WORK TO BE COMPLETED:
What is needed is a verbatim copy of every record below, with the pictures left out.

WORKING DATA:
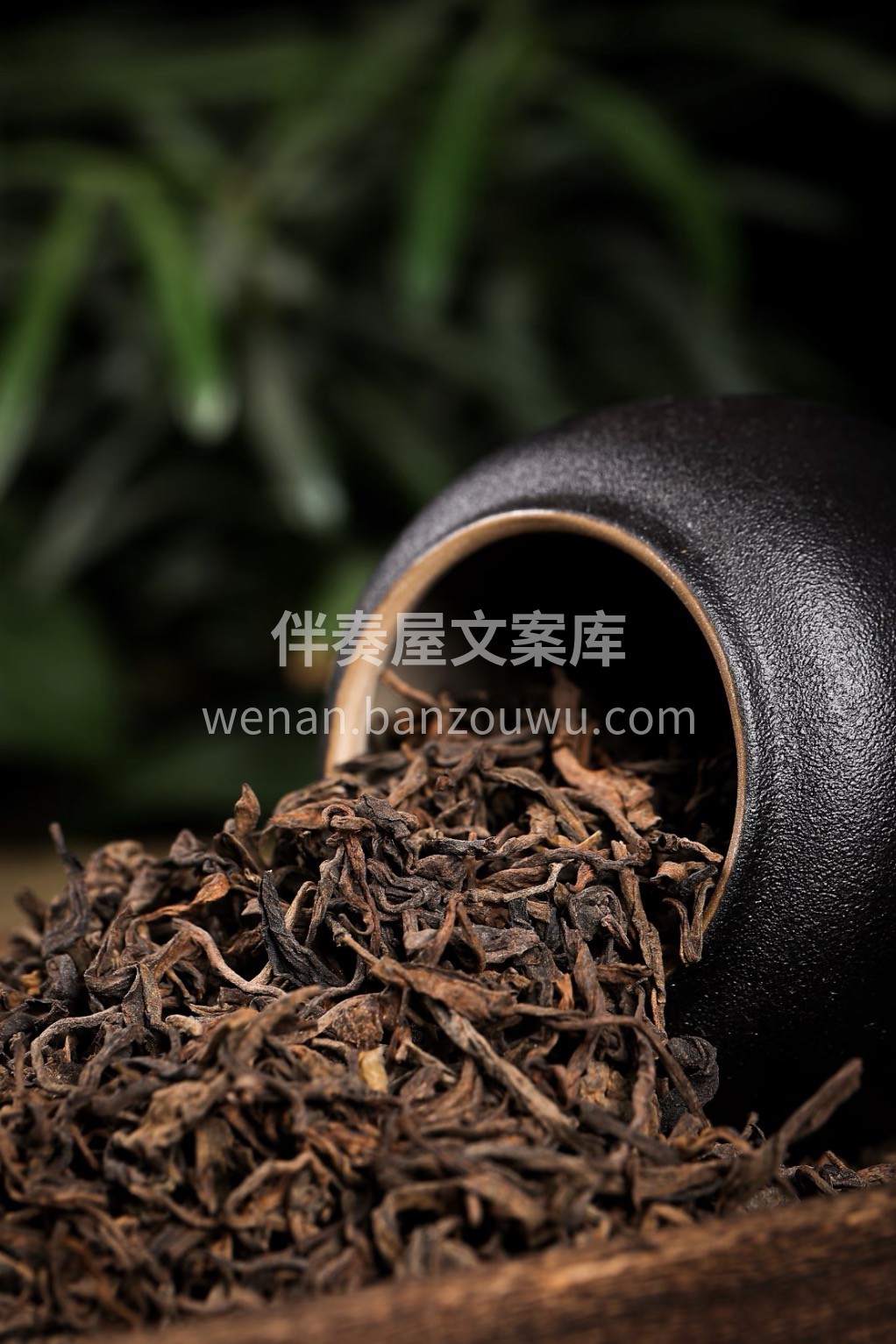 🎁新年茶礼｜普洱熟散茶上线～醇和绵柔，暖 配图1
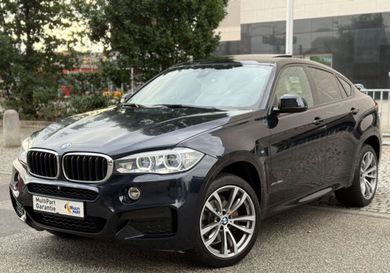 BMW X6, 2017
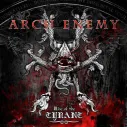 CD Arch Enemy ‎– Rise of the tyrant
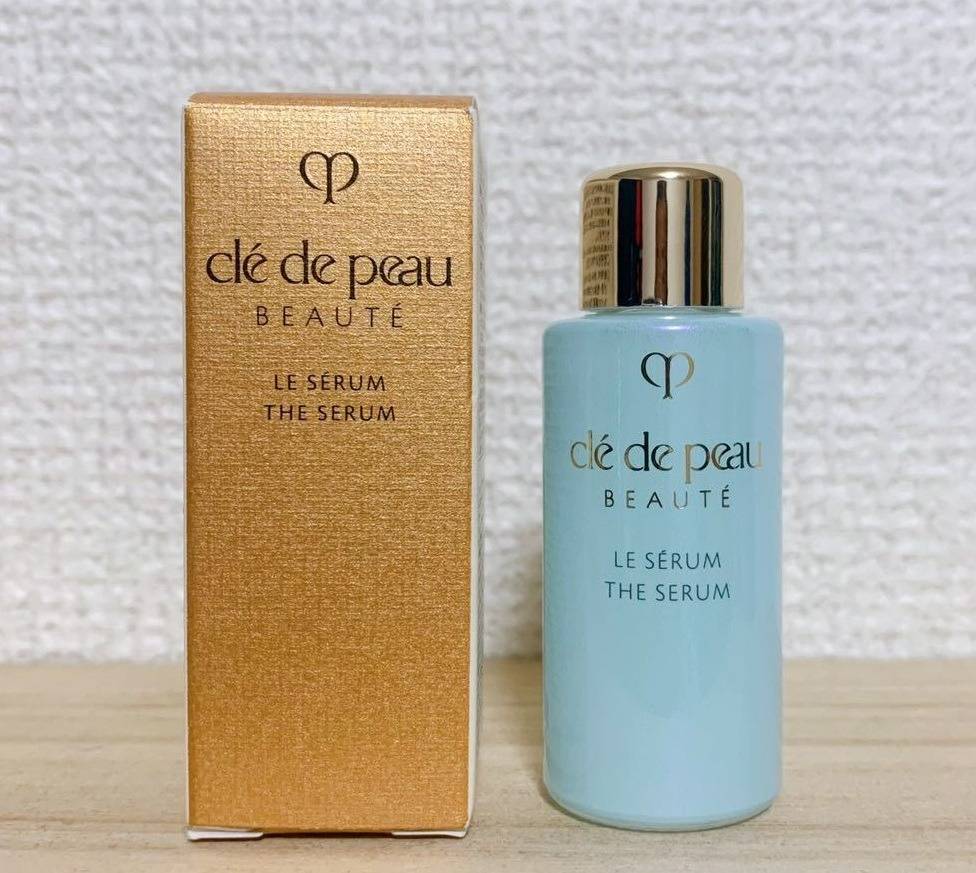 クレドポーボーテ ル・セラム(7mL) プレゼント | 千葉のコスメなら安心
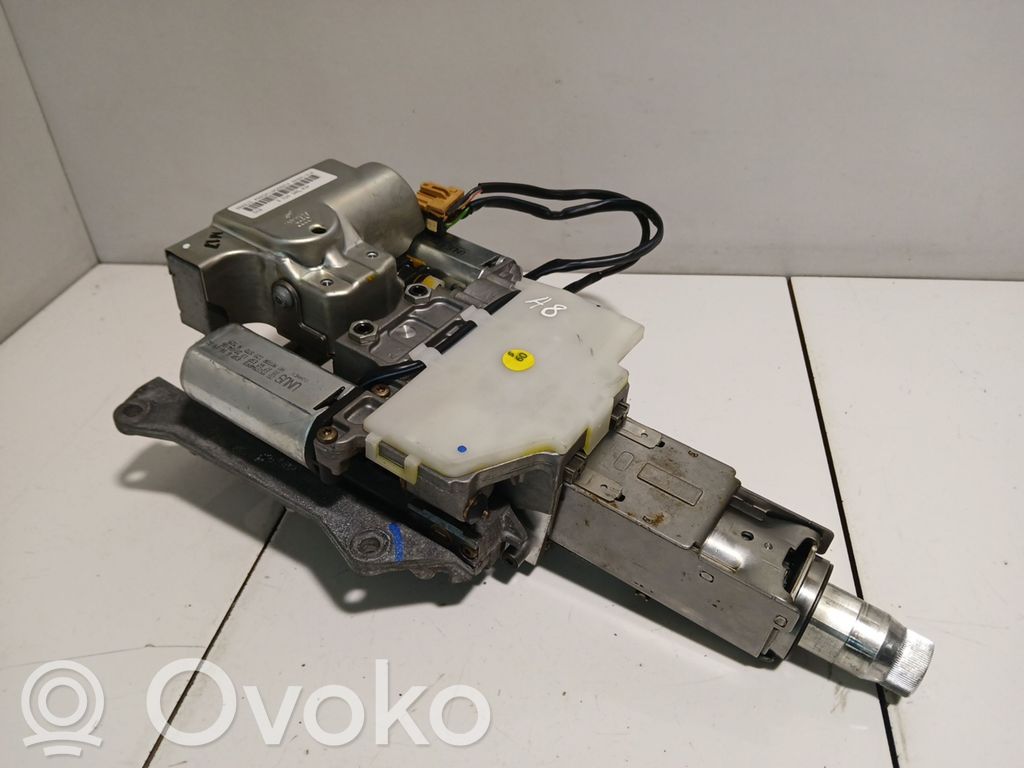 Audi A8 S8 D3 4E Steering wheel axle 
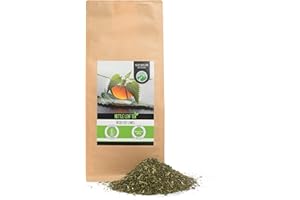 ALPI NATURE Nettle Infusion (8oz), Nettle Tea, Nettle Leaves, 100% Natural and Pure, Herbal Tea, Cut, Natural Nettle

SOLUTION TO THIS TASK:
 🎁新年茶礼｜普洱熟散茶上线～醇和绵柔，暖 配图1
 BMW X6, 2017
 CD Arch Enemy ‎– Rise of the tyrant
 クレドポーボーテ ル・セラム(7mL) プレゼント | 千葉のコスメなら安心
 Audi A8 S8 D3 4E Steering wheel axle 
 ALPI NATURE Nettle Infusion (8oz), Nettle Tea, Nettle Leaves, 100% Natural and Pure, Herbal Tea, Cut, Natural Nettle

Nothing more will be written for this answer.